### ACTIVITY
What lines in the entries hold the string "Rechargeable"? List them.

### GIVEN DATA
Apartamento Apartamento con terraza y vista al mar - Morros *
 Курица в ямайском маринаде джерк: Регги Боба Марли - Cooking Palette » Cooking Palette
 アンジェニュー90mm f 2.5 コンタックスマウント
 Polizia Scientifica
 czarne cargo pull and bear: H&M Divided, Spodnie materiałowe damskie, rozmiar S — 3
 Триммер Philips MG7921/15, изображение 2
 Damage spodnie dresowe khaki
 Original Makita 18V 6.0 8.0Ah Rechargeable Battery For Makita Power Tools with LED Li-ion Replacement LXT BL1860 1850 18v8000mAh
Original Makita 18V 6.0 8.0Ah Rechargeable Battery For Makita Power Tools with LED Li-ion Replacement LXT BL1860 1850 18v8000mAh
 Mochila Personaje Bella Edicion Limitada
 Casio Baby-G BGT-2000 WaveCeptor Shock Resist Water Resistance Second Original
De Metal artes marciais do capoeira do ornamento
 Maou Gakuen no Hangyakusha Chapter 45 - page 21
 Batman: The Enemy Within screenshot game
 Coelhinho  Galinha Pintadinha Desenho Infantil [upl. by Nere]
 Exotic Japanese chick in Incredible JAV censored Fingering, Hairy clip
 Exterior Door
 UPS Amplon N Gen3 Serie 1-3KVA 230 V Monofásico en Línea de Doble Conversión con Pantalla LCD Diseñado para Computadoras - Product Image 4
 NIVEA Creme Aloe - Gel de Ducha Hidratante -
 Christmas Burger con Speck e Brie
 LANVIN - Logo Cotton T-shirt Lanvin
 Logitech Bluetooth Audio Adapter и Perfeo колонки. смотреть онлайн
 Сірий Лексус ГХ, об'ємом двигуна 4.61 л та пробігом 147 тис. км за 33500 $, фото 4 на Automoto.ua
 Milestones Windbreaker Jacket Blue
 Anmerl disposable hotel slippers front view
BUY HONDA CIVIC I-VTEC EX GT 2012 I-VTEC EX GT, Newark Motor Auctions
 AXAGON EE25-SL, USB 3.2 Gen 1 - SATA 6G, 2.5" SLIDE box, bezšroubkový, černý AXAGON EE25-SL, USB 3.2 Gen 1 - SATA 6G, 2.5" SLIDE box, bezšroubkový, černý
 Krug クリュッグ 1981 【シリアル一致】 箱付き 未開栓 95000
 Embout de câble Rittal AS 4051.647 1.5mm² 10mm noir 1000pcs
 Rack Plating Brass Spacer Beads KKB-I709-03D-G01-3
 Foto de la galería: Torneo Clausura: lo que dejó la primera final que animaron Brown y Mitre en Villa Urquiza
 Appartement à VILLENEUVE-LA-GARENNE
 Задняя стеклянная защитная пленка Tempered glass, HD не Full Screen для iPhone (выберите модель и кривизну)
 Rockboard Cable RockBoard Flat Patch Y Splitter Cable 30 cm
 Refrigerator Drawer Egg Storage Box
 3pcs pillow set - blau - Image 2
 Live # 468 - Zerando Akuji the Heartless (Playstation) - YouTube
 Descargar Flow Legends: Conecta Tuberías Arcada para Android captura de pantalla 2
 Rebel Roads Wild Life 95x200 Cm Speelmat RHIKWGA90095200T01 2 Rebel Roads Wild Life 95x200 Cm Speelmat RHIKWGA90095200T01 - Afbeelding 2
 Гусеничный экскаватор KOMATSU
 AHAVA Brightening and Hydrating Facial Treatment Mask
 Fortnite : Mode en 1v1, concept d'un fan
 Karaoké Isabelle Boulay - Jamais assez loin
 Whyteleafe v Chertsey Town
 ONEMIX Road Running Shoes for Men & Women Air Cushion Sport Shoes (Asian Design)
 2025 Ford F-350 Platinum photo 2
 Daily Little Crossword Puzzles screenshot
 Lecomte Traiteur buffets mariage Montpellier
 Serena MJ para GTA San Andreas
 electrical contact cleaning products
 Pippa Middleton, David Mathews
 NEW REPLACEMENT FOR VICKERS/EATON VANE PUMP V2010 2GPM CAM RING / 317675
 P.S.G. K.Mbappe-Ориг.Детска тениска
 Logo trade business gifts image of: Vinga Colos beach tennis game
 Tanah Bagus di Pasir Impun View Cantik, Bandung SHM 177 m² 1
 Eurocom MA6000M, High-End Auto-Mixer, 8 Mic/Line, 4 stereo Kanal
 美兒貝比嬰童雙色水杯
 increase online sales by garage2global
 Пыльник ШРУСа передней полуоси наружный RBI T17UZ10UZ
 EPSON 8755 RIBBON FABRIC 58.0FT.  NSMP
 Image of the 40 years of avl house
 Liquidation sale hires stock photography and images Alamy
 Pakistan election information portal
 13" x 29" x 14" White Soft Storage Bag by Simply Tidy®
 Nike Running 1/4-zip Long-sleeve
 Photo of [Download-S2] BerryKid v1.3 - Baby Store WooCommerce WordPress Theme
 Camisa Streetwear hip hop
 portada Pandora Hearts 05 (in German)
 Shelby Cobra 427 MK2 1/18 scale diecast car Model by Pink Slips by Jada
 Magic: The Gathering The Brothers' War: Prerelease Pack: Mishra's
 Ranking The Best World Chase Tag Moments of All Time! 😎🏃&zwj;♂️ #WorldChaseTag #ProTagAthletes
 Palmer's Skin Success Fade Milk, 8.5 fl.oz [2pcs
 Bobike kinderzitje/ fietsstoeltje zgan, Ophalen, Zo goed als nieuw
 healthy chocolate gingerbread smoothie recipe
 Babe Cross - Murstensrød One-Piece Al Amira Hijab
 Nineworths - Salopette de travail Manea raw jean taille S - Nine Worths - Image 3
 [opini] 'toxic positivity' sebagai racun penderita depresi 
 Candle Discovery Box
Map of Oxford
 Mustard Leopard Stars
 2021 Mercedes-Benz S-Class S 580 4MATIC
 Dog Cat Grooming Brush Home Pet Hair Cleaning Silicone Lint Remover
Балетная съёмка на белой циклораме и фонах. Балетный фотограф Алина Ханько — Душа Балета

### SOLUTION TO THIS EXERCISE
 Original Makita 18V 6.0 8.0Ah Rechargeable Battery For Makita Power Tools with LED Li-ion Replacement LXT BL1860 1850 18v8000mAh
Original Makita 18V 6.0 8.0Ah Rechargeable Battery For Makita Power Tools with LED Li-ion Replacement LXT BL1860 1850 18v8000mAh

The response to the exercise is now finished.